Fantastic Four était-il condamné dès son scénario?

chronique

Enfonçons le couteau dans la plaie pour ce nouvel opus de notre série Rumeur un Autre Jour, qui s'intéressera au premier scénario élaboré pour le reboot de Fantastic Four, le désormais tristement célèbre métrage de Josh Trank, qui était peut-être finalement d'emblée condamné par les écrits de Jeremy Slater, scénariste de The Lazarus Effect et de la future adaptation hollywoodienne de Death Note.

Une genèse bien complexe

La prochaine fois que vous allez voir un film, penchez-vous sur les noms crédités au scénario : plus ils sont nombreux, moins le film a de chances d'être bon. Je vous l'accorde, je viens d'inventer cette règle. Mais elle n'est pas stupide pour autant, surtout à Hollywood, où la multiplication des noms sur cette ligne est souvent synonyme de réécritures successives, qui ont tendance à transformer un tout cohérent, qu'on appelle couramment un film, en un vulgaire patchwork de scènes péniblement mises bout à bout.

 

Figurez-vous que notre dernier Fantastic Four en date affiche pas moins de trois noms qui n'ont, à un film prêt, rien à voir entre eux. Jeremy Slater, jeune scénariste à Hollywood, Josh Trank, remarqué pour son travail sur Chronicle, et enfin Simon Kinberg, producteur et scénariste très en vogue à Hollywood. Notez l'ordre choisi : Slater avait été chargé d'écrire un scénario, Trank de se l'approprier - puisqu'on lui doit l'initiative d'un nouveau film consacré aux quatre héros - et Kinberg s'est a priori occupé des phases de réécriture, avec ou sans l'aval de son réalisateur d'ailleurs, comme le veulent les rumeurs. Un scénariste débutant, un réalisateur connu pour son sale caractère et un producteur prenant sa revanche sur Hollywood après des années de films médiocres (Jumper en tête) : voilà la recette du cocktail Fantastic Four. Pouvait-on vraiment espérer un résultat au pire acceptable ? Rien n'est moins sûr, au regard du scénario original.

Slater Building

Nos confrères de Birth.Death.Movies. on en effet eu l'occasion de lire ce premier jet et en retenir les grandes idées. Et le moins qu'on puisse dire, c'est que le film de Trank ne partait pas tout à fait sur des bases saines. Jusque là, rien de bien méchant. Nombreuses sont les productions à démarrer leur vie avec quelques pages d'intention ou un scénario maladroit, qui ne demande qu'à être peaufiné. Mais il faut s'intéresser, dans le détail, aux différentes idées de Slater pour mieux comprendre : 

• Comme dans le film, Reed débarque au Baxter Building grâce à son invention. Il y rencontre Sue Storm et Victor Von Doom. Ce dernier essaie de dévergonder notre nerd en l'emmenant dans de multiples soirées, durant lesquelles il tombe amoureux de Sue. De son côté, Doom reste bien sage, pour la simple et bonne raison qu'il est en fait un espion pour son pays, la Latvérie.
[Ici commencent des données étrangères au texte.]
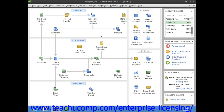QuickBooks allows you to choose when you enter your credit card charges. You can enter credit card charges incrementally as you make charges to the credit card, or you can enter all credit card charges in lump amounts by account once you receive the credit card bill. Your choice depends on whether you enjoy entering information incrementally or all at once.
• Lorsque l'équipe pose le pied sur la Zone Négative (ou Planète Zéro, peu importe), elle ne découvre pas un paysage désertique comme dans le film, mais plutôt les restes d'une ville alien. Ils l'explorent, trouvent un amphithéâtre couvert de cadavres, et quelque chose d'énorme, dans une armure couronnée d'un casque étrange.

 

• C'est, vous l'aurez compris, Galactus qui rentre en scène. Il chasse les explorateurs (Reed, Johnny et Ben, Sue est absente, comme dans le film final) qui retournent à leur module, frappé par la matière noire de Galactus alors que l'équipe s'échappe sur terre. Un feu d'artifice cosmique qui change à jamais nos quatre héros.

• Le script avance, via une ellipse, de quatre bonnes années. Johnny Storm est devenu une star de la télé-réalité, Sue Storm continue ses recherches au Baxter Building, utilisant ses pouvoirs pour aider des patients. Elle reçoit la visite d'un certain d'un certain Docteur Elder, qui lui demande de rejoindre un programme qu'elle pense militarisé.

• Nous partons en Latvérie. En utilisant les informations fournies par Victor, le gouvernement du pays a bâti son propre module et cherche à utiliser la Zone Négative à ses fins. Il envoie sa machine, qui revient avec un seul passager : Victor Von Doom est de retour sur Terre, et il est désormais doté des pouvoirs de la matière noire. Il renverse les forces en présence et prend le contrôle du pays. 

 

• Pendant ce temps (c'est bien pratique) le Baxter Building est attaqué par un mystérieux commando. Le Docteur Elder se voit aspergé de produits chimiques qui le transformeront en Homme-Taupe. Sue et Johnny se défendent, et doivent ensuite faire face au Moloïde géant. Ils reçoivent l'aide de Ben Grimm, qui se baladait par là, et de Reed, a priori toujours caché dans son laboratoire du Baxter Building. L'équipe engage alors l'adversaire dans un plan faisant référence à la couverture de Fantastic Four #1 (1961).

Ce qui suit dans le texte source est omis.